DIRECTIONS | Below are lines of records; copy exactly those from the one containing "A Puppet With" through the one containing "Red Robin 2027", leaving the pictures behind.

Start of EXTRACTED MATERIAL

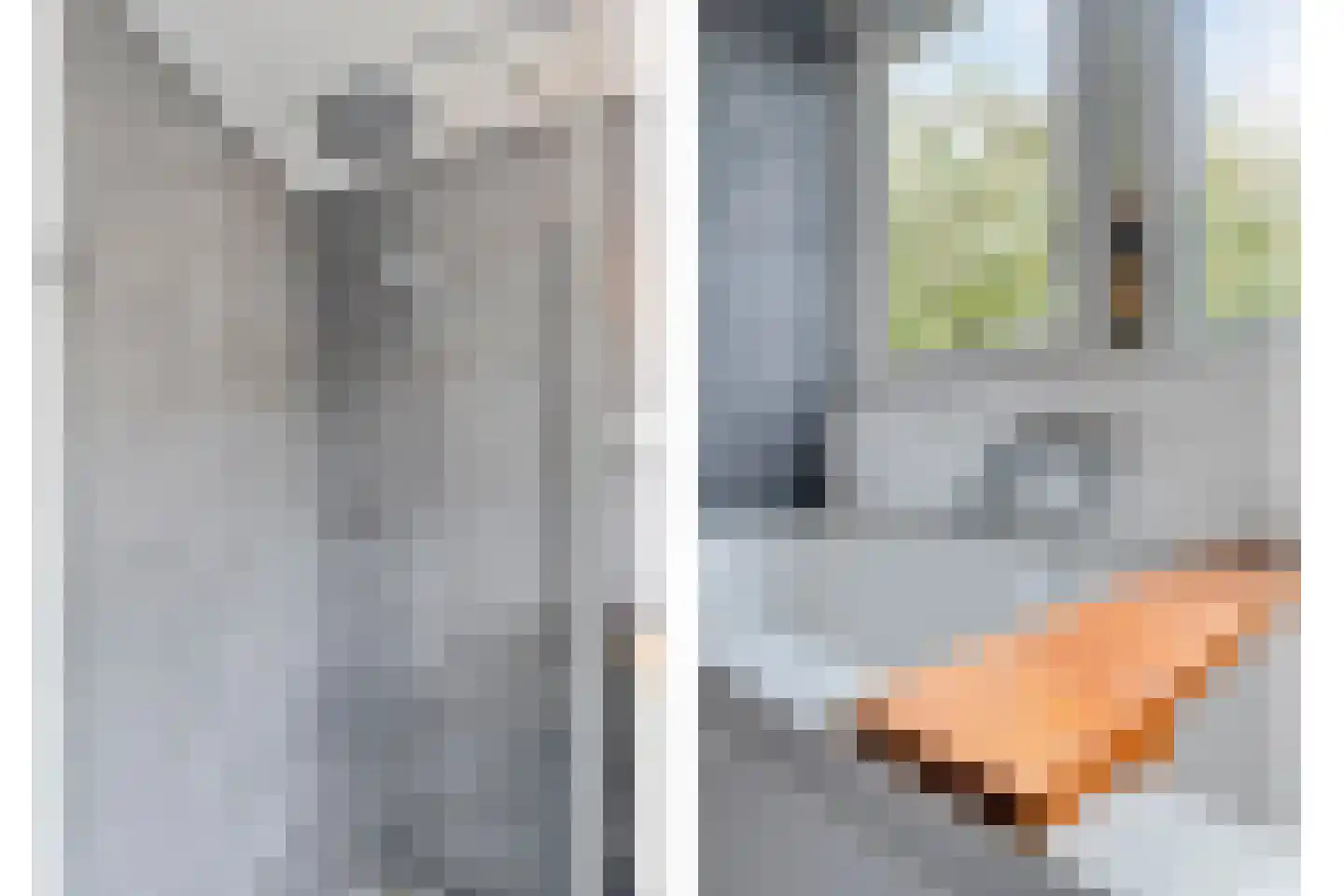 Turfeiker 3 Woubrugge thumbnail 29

End of EXTRACTED MATERIAL
Start of EXTRACTED MATERIAL

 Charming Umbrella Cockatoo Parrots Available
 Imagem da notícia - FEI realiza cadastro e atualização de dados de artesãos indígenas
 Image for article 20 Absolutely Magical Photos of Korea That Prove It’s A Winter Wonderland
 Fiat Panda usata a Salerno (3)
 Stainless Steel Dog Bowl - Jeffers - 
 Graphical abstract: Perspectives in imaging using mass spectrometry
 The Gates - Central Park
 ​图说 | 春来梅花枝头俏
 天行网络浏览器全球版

End of EXTRACTED MATERIAL
Start of EXTRACTED MATERIAL

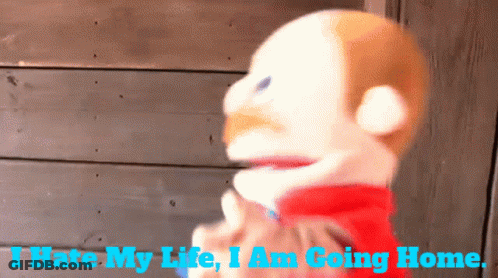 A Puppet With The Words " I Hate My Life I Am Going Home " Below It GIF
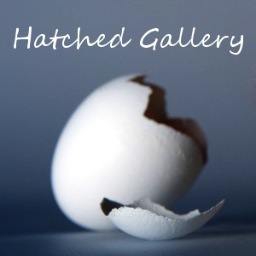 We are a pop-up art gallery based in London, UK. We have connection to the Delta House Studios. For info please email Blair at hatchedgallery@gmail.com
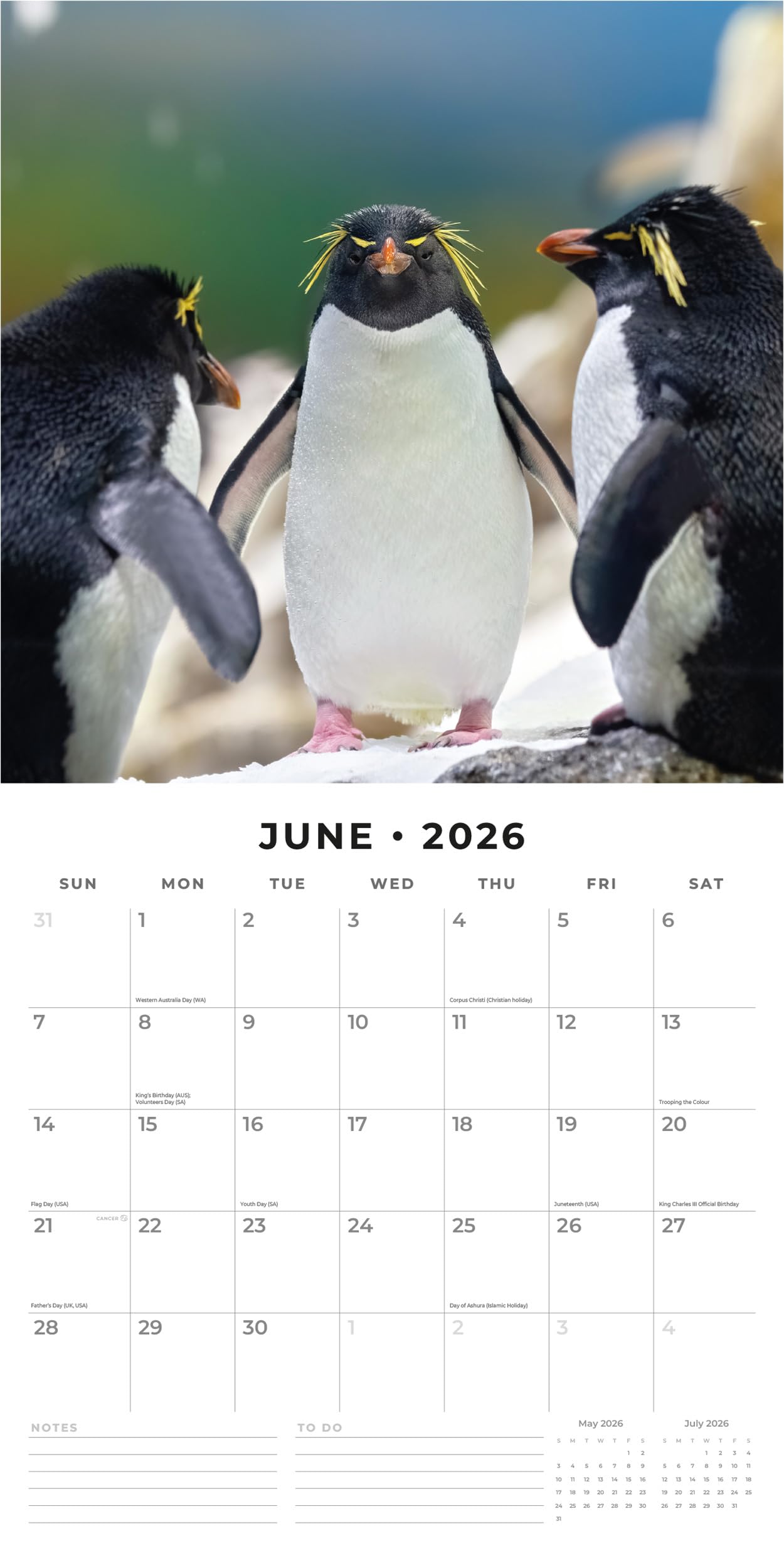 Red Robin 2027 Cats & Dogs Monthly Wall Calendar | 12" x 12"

End of EXTRACTED MATERIAL

OUTPUT BELOW |
 A Puppet With The Words " I Hate My Life I Am Going Home " Below It GIF
 We are a pop-up art gallery based in London, UK. We have connection to the Delta House Studios. For info please email Blair at hatchedgallery@gmail.com
 Red Robin 2027 Cats & Dogs Monthly Wall Calendar | 12" x 12"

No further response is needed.